Hi folks I treated myself to a lovely BMW 330d Sport with Black leather seats - Think its nappa leather. 

Anyway the seats have some noticable creases on where u sit and the start on creases on the outside bolsters- both seats. I have treated the seats with the Glipstone liquid leather stuff thinking that would help but no change to the Creases. The car is a 2003 so not very old and the creases are not worn cracked or torn . 

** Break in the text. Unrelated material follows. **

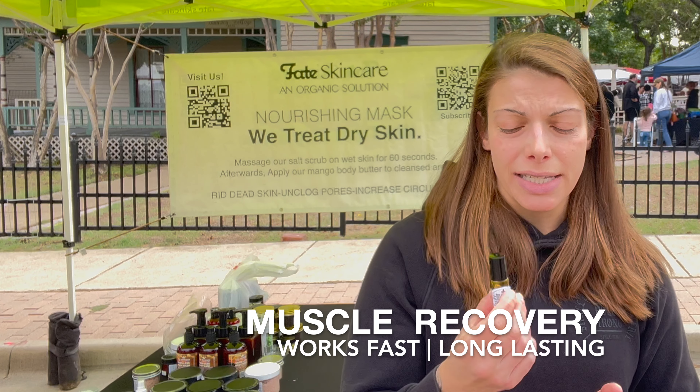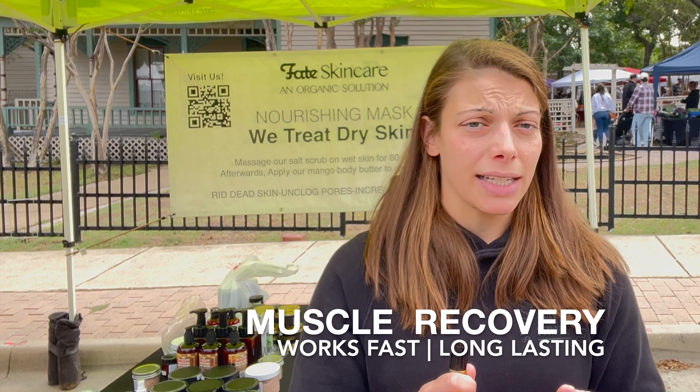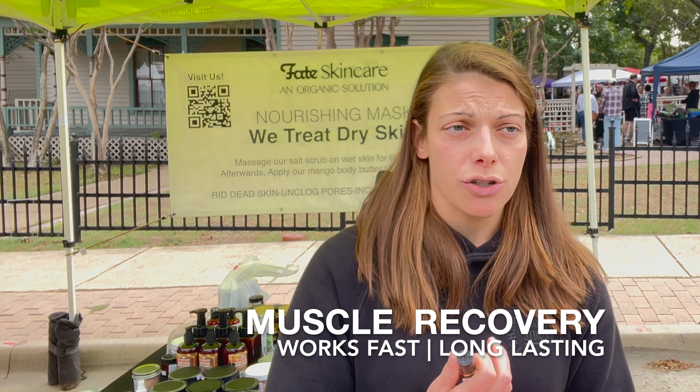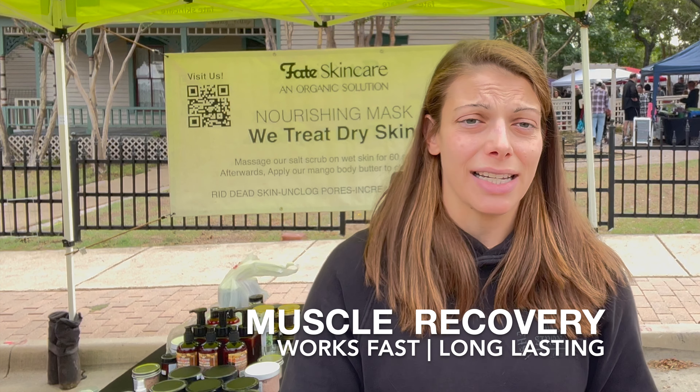Good morning folks. This is Jeffrey coming to you from the McKinney Farmers Market, and today we have as a guest Sherry, who is a personal trainer and Pilates instructor. Her first love in fitness was running. She loves to lift heavy, burpees, box jumps, all that kind of stuff.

Now are there any products i can use -specialist or off the shelf - techniques etc. The seats have a heated option - could using the heated seat option make the problem worse as its to be honest the only think about the car thet i dont like.


----------



## Tyke (Jul 25, 2006)

You can't do anything with creases mate, that's just the way that leather wears. Just keep them conditioned like you have done to prevent the leather cracking.


----------



## steveo3002 (Jan 30, 2006)

yeah nothing is going to restore the creases...all you can do is clean the dirt out of them to try and stop it getting worse


----------



## TOGWT (Oct 26, 2005)

*Steam cleaning- *a steamer has a multitude of functional usages for leather interiors; doors, leather and vinyl upholstery and trim, all clean exceptionally well with steam, it will loosen up the deep ground in soil that normal cleaning cannot reach and emulsify most types of dirt and grime that gets into what are inaccessible places for other methods of cleaning i.e. cup holders, seams, creases and grooves, between cushion and bolsters, liquid spills, etc. Use a d-limonene based (citrus) solvent P21S Total Auto Wash, in a ratio of 10:1 or stronger with distilled water as a pre-cleaning solution, as an alternative for natural leather use Prepping Agent followed by steam cleaning.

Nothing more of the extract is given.